Random matrix $\mathbf{X}_{(n\times p)}$ and conformable constant matrices $\mathbf{A}$ and $\mathbf{B}$: \[\text{E}(\mathbf{A}\mathbf{X}\mathbf{B})=\mathbf{A}\text{E}(\mathbf{X})\mathbf{B}\] Proof: Look at element $(i,j)$ of $\mathbf{A}\mathbf{X}\mathbf{B}$ \[e_{ij}=\sum_{k=1}^n a_{ik} \sum_{l=1}^p X_{kl}b_{lj}\] (where $a_{ik}$ and $b_{lj}$ are elements of $\mathbf{A}$ and $\mathbf{B}$ respectively), and see that $\text{E}(e_{ij})$ is the element $(i,j)$ if $\mathbf{A}\text{E}(\mathbf{X})\mathbf{B}$.

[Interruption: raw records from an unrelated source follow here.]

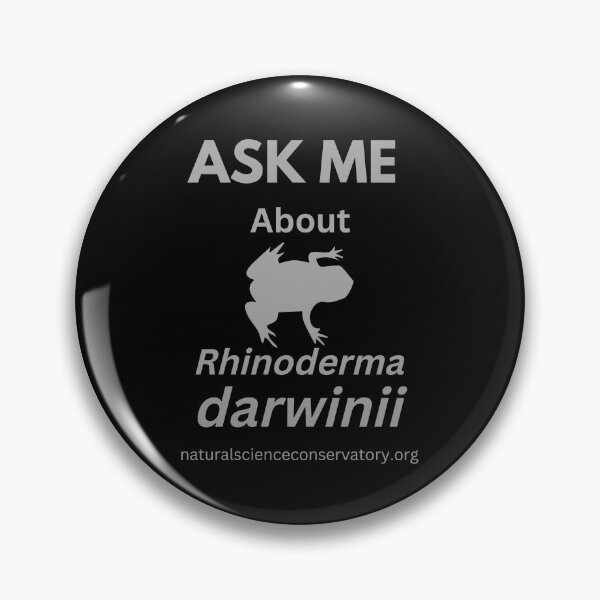 Item preview, Ask Me About Rhinoderma darwinii (Southern Darwin's Frog) designed and sold by Discovered.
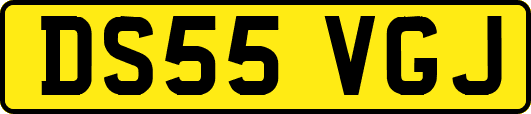 DS55VGJ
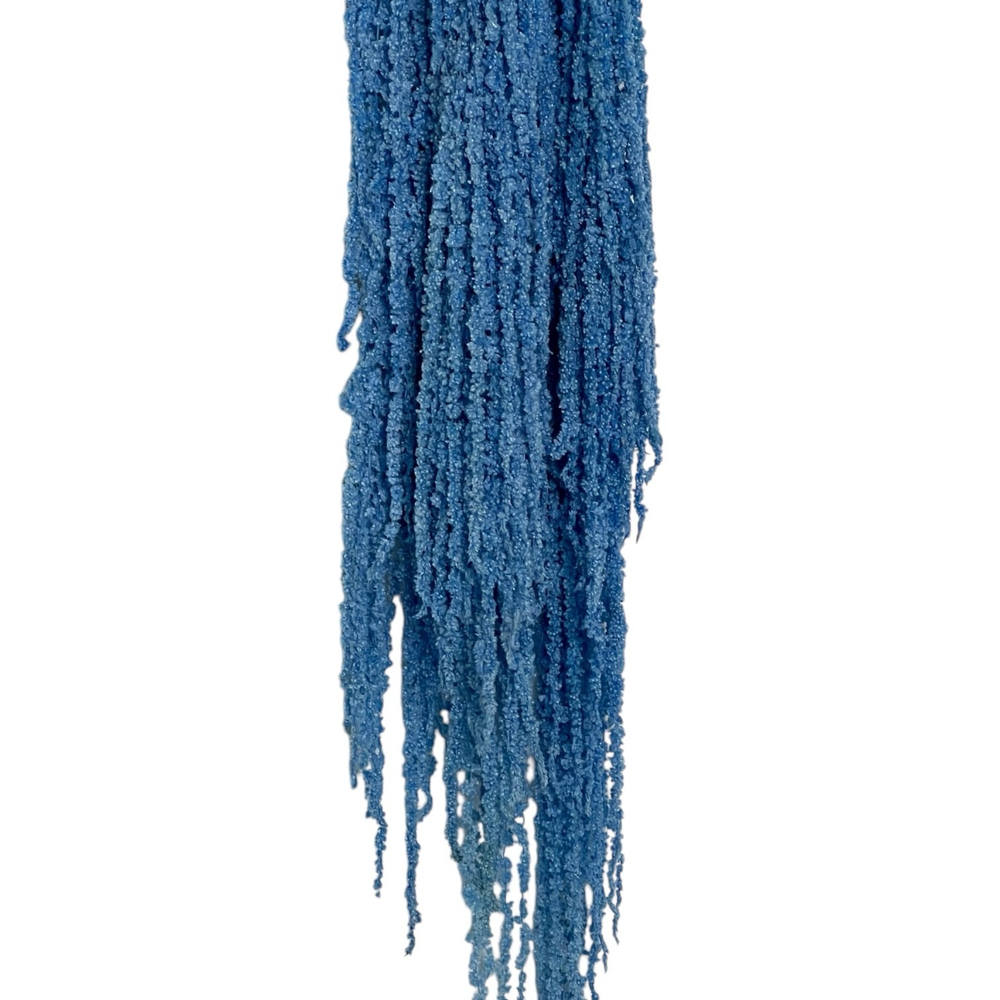 Амарант голубой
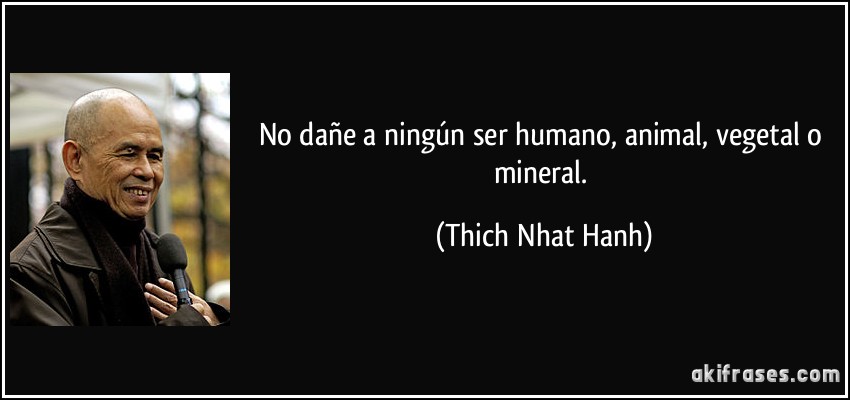 No dañe a ningún ser humano, animal, vegetal o mineral. (Thich Nhat Hanh)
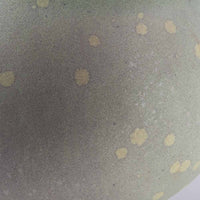 百々音momone mosgreen マロン 小 百々音momone 陶磁器作家もの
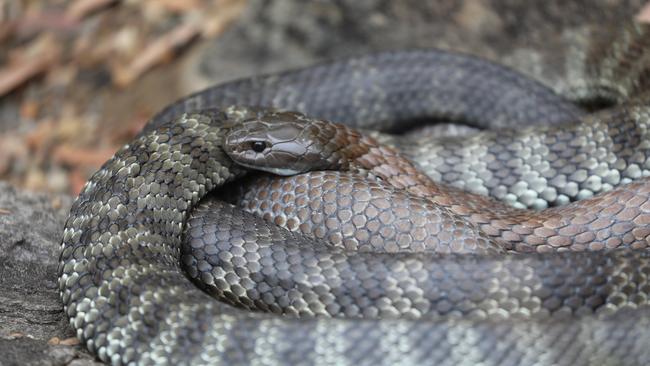 Experts have encouraged Australians to refresh their first aid skills. Picture: Australian Reptile Park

Q: what are the univariate analog to this formula - that you studied in your first introductory course in statistics? What do you think happens if we look at $\text{E}(\mathbf{A}\mathbf{X}\mathbf{B})+\mathbf{d}$?

A: $ ext{E}(aX+b)=a ext{E}(X)+b$

Variance-covariance matrix

Q: In the introductory statistics course we define the the covariance $\text{Cov}(X_i,X_j)=\text{E}[(X_i-\mu_i)(X_j-\mu_j)]=\text{E}(X_i \cdot X_j)-\mu_i\mu_j$.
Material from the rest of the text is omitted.